Mübarek Ramazan Ayı’nı oruçlarımızla taçlandırdıktan sonra, bugün bayram yapıyoruz. Aslında Müslümanların bayramı Ramazan ayıdır. Lakin, insanoğlu asıl bayramları unutarak, kendine göre bayram günleri icat etmeye başladı. Her halükarda bayramlarımız, dinimizin gerektirdiği farzların sonucunda elbette ortaya çıkacaktır.
Pandemi yüzünden sevinçlerimizi içimizde saklayarak, buruk bir mutluluk içinde, sabahın erken saatlerinde mahalle camisinde kılınan Bayram Namazı sonrası, insanın içine bir hüzün çöküyor. Her ne kadar mahalle sakinleri ile bayramlaşsak da, evde kimsenin olmaması, kimsenin ziyaretine gelmemesi ve ziyarete gidememek, çocuklardan yoksun, sevdiklerinden uzak bir bayramı; Allah’a kalben yakın olmakla geçiriyoruz. Aslında hüzünlenmemek lazım. Lakin insan hüzünleniyor işte.
Allah, “Ben size Şah Damarınız kadar yakınım” demesine rağmen, “Ben her daim sizinleyim” demesine rağmen, “Yalnızlık Allah’a mahsus” diyerek, ille de yanımızda birilerinin olmasını arzu ediyoruz. Oysa Allah’a tevekkül ederek, O’nun varlığı ile hayatımızı idame ettirsek, bize yeter de artar bile. Ama biz doymayan ve hiçbir şeyi yeterli görmeyen mahlukatız.

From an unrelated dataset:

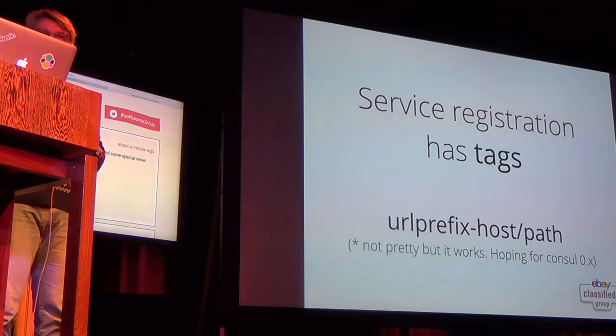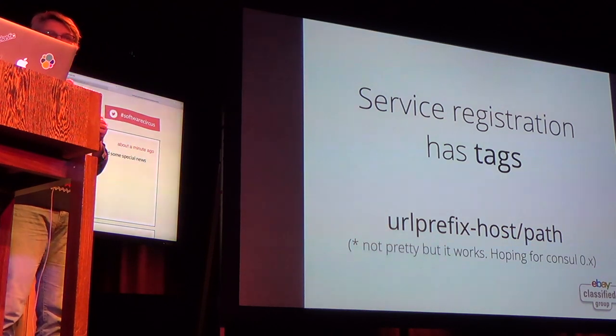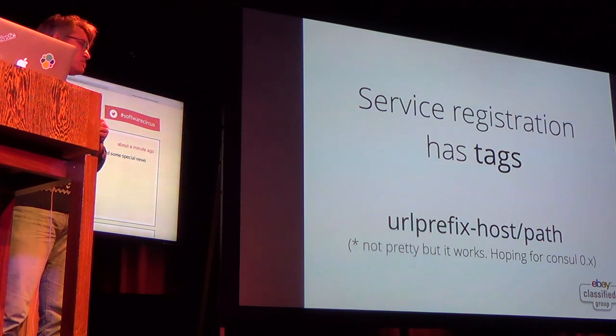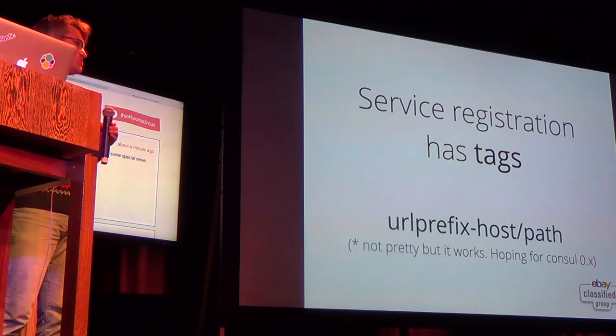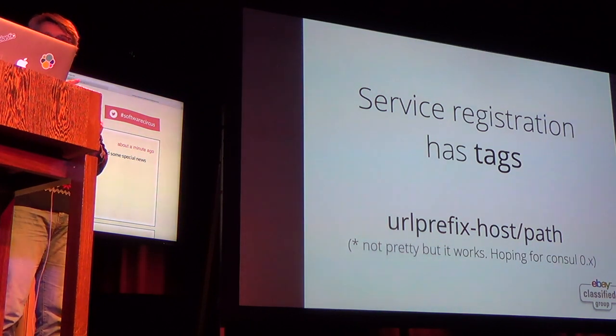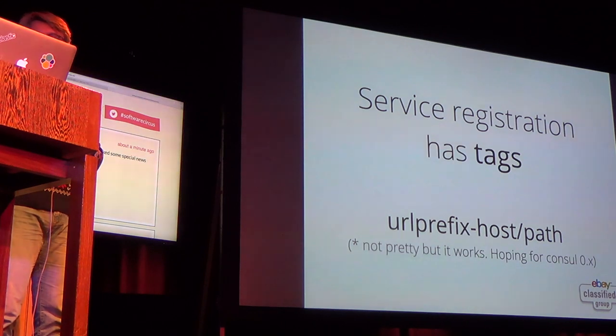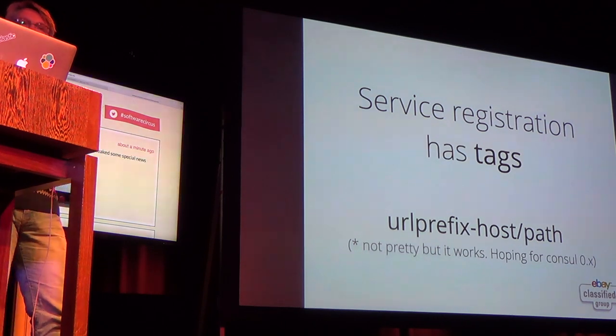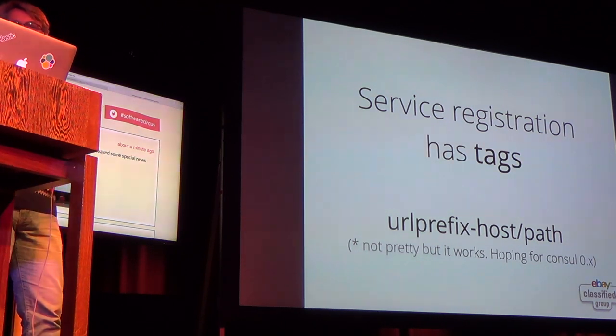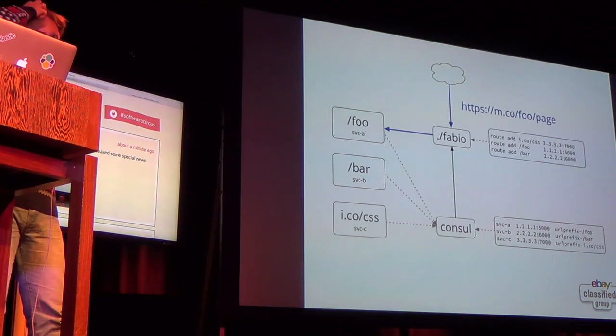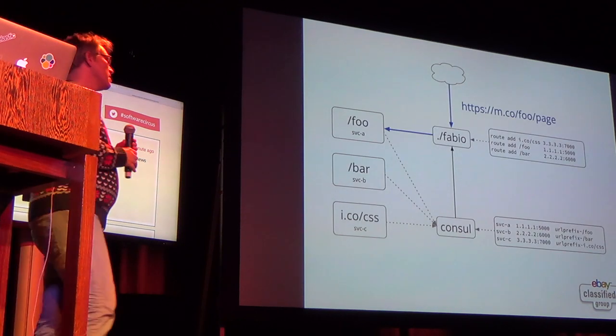So what you do is when you register a service in Consul you just provide a prefix tag with this format which is URL prefix dash and then host path and that's all that Fabio needs in order to build a routing table.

Pandemi, son iki yıldır hayatımızı derinden etkiliyor. Koronavirüs ile yatıp, koronavirüs ile kalkıyoruz. Hal böyle olunca da, gelenek ve göreneklerimizin arasında ayrı bir yeri olan Ramazan Bayramı ne yazık ki, eskisi gibi tat vermiyor. Çocuklar uzakta, Anne baba yok. Eski bayramları film şeridi gibi gözlerimizin önüne getirerek, düşünmek ve hüzünlenmekten başka bir şey gelmiyor elimizden.
Bu melun virüs yüzünden; daha dün konuşup, sohbet ettiğimiz can dostları kaybettik. Pek çok dost ve ahbabın yataklara düştüğünü öğrendik. Bir acı telefon sesi ile huzur duyduğumuz dostlarımızın çok kısa sürede hastalanıp gitmesi, elbette bize çok şeyler anlatıyor. Sağlığın önemi, dikkat etmenin önemi ve en önemlisi de Allah’ın bahşettiği vücudumuzu, kendimizi korumamızın şart olduğunu öğretiyor. Gidenlere Allah Rahmet eylesin. Elbet bir gün, huzur-u mahşerde buluşacağız.
Bayramlarda en çok üzüldüğüm konuların başında, gelecek kuşaklara kültürümüzün bir parçası olan bayramları, eğlenceleri anlatamamak. Onların sosyal medya ile sınırlı dünyalarını aralayarak; gerçek hayattan kesitleri sunamamak geliyor. Oysa, geleceğimiz olan gençlerimizin sınırlı dünya yerine, gerçeklerle dolu sınırsız hayal dünyalarını aralamak isterdim. Bugüne kadar yaşadığım mutlu bayramları anlatmak, onların da mutlu olmasın isterdim.
Bu pandemi ve virüs belası, bizi pek çok şeyden mahrum bırakıyor. Gençlerimizi eğitmekten, kültürümüzü, örf ve anenelerimizi onlara aktarmaktan mahrum bırakıyor. Büyüklerimiz ile bayramlaşmamızı, hal hatır sormamızdan mahrum bırakıyor.
Olsun…
Dünya’da hçbir şeyin sonsuz olmadığı gibi, virüs belasının da kalıcı olmadığını biliyorum. Elbet bir gün bu virüs belası da bitecek. İşte o zamanlar, büyüklerimizle, çoluk, çocuğumuzla yine eskisi gibi sarılıp, hal hatır soracağız. Onlarla birlikte mutlu günler geçireceğiz.
Bir bayram sabahı, hüzün kaplayan kalbimle, içimden geçenleri sizinle paylaşmak istedim. Ama siz, benim yazdıklarıma aldırmayın. Mutlu olmaya, küçük sevinç kırıntılarını büyük mutluluğa dönüştürün. Bu vesile ile herkesin Mübarek Ramazan Bayramlarını kutluyorum. Sevgi ve Saygılar Sunuyorum.